ヨドミの背面、臀部が孔雀の尾の様に無数の肉の針を形作る。
「う、うおおッ!」
蘆立がヨドミに対して半円を描く様に距離を取りながらヤクモに駆け寄り、飛びつく。
掴んで引き起こすヤクモの身体は思ったよりももっと軽い。
これがあの激しい攻撃の応酬を繰り広げていた身体なのか?
そんなことを考えながらヤクモを引き寄せ、肩に手を回しがちりと肩を組む。
ヨドミが前面に、鞭のような長大な触手を二本生成してヤクモ達に向かって一撃を振るう。

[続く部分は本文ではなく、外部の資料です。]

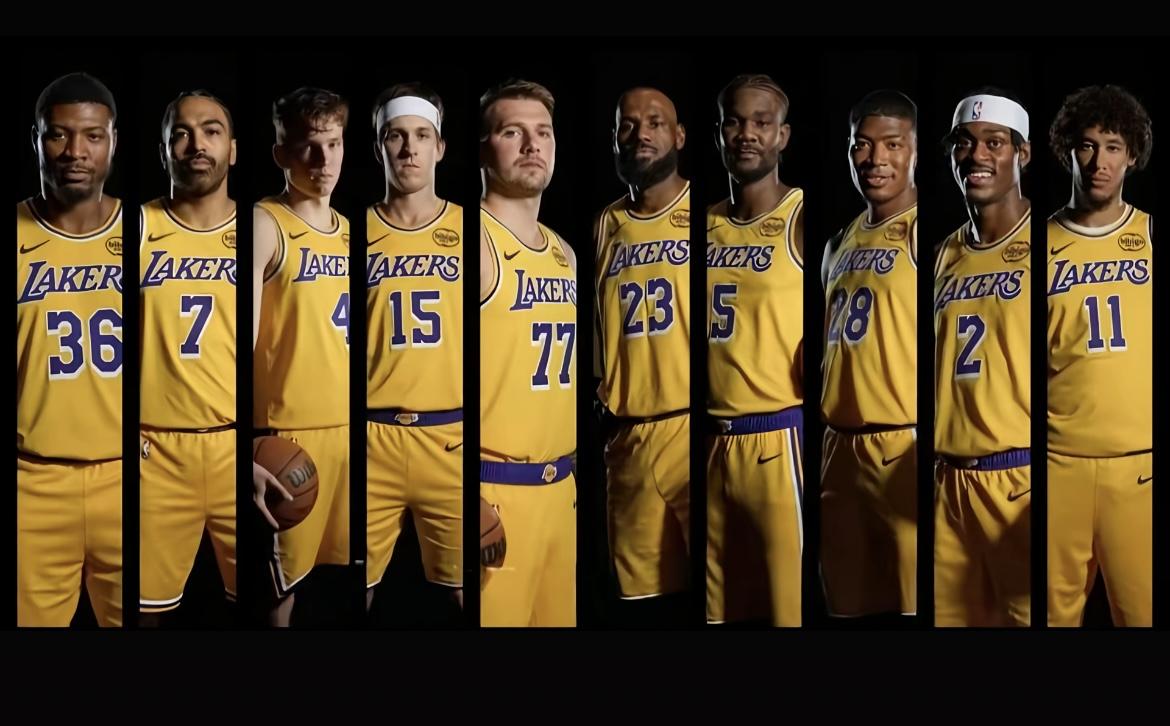 说句大伙不爱听的，湖人最应该踢掉的就是八村和老詹！1.ad和詹姆斯的组合，等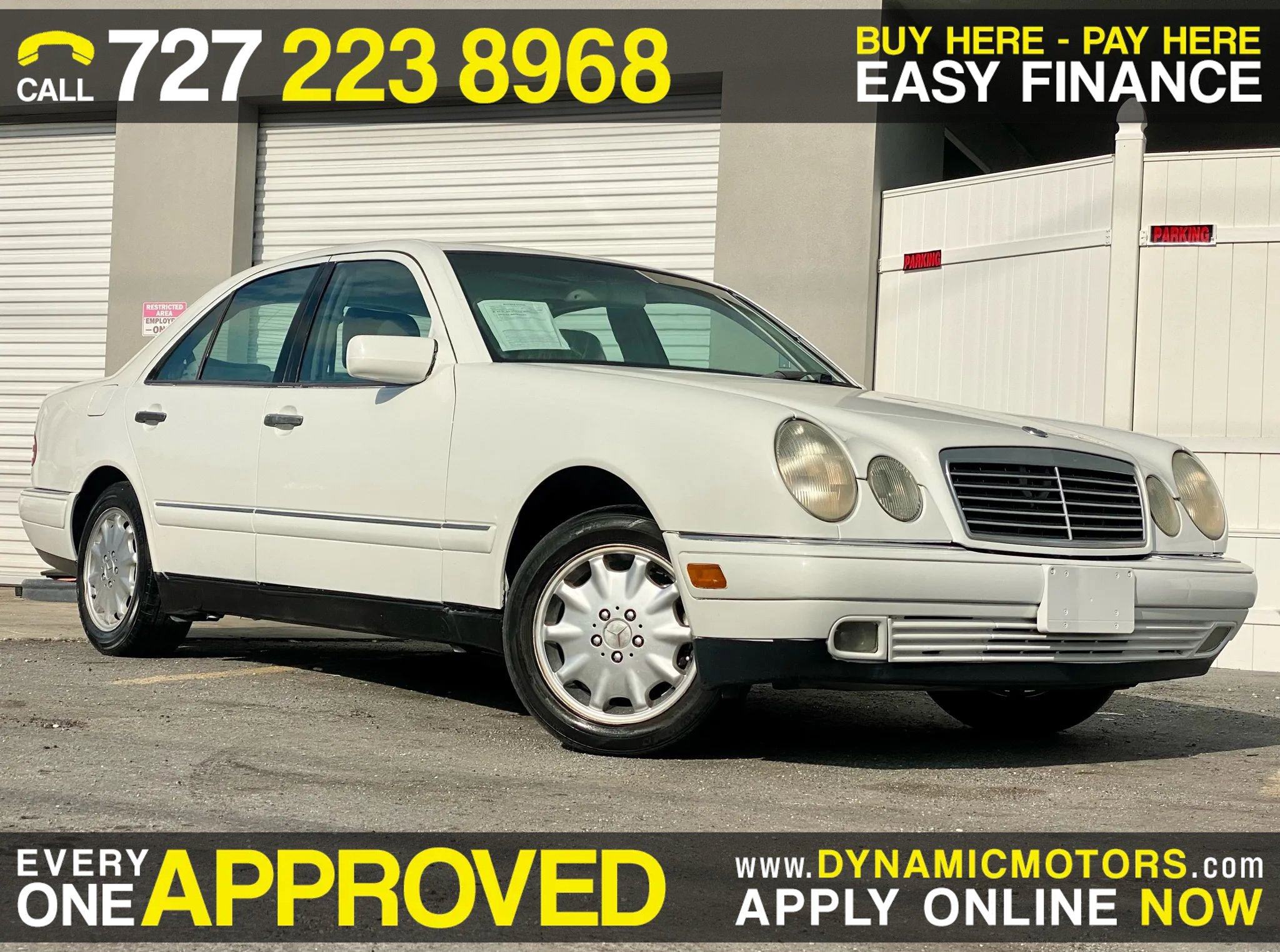 Used 1999 Mercedes-Benz E 320 Sedan image 1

ヤクモは、健在な足を踏ん張り、蘆立を引き下げるように直剣で手打ちながら一撃を加え、飛んできた触手を両断する。
間髪入れずにもう一本の触手が飛んでくる。つまりは二連撃であったがヤクモは引き下げた蘆立を今度は押し上げるようにして姿勢のバランスを取り、横なぎの一刀でこれを捌く。これは横なぎであったのがまずく、触手を弾くに留まった。
「もっとくっついて」
火の息のヤクモの言葉に蘆立は思わず息を飲む。
おかしな話だが高揚をたしかに感じる。
胸元のふくらみとバイオレットのショートタイが目に入って
蘆立は反射的に目を反らした。
ヤクモは全くそれには気づかないまま蘆立に囁く。
「じりじり間合い離しながら、私がいいといったら、私をあいつの方に振り飛ばして、一目散に逃げろ」
「おい、俺の為に時間稼ぎするてのかよ、俺にそんな価値」
「ふざけないでほしい」
健在な触手が戻りの一撃を頭上から叩きつける。その勢いも借りて、ヨドミは大きくその巨躯を引き出すように前進した。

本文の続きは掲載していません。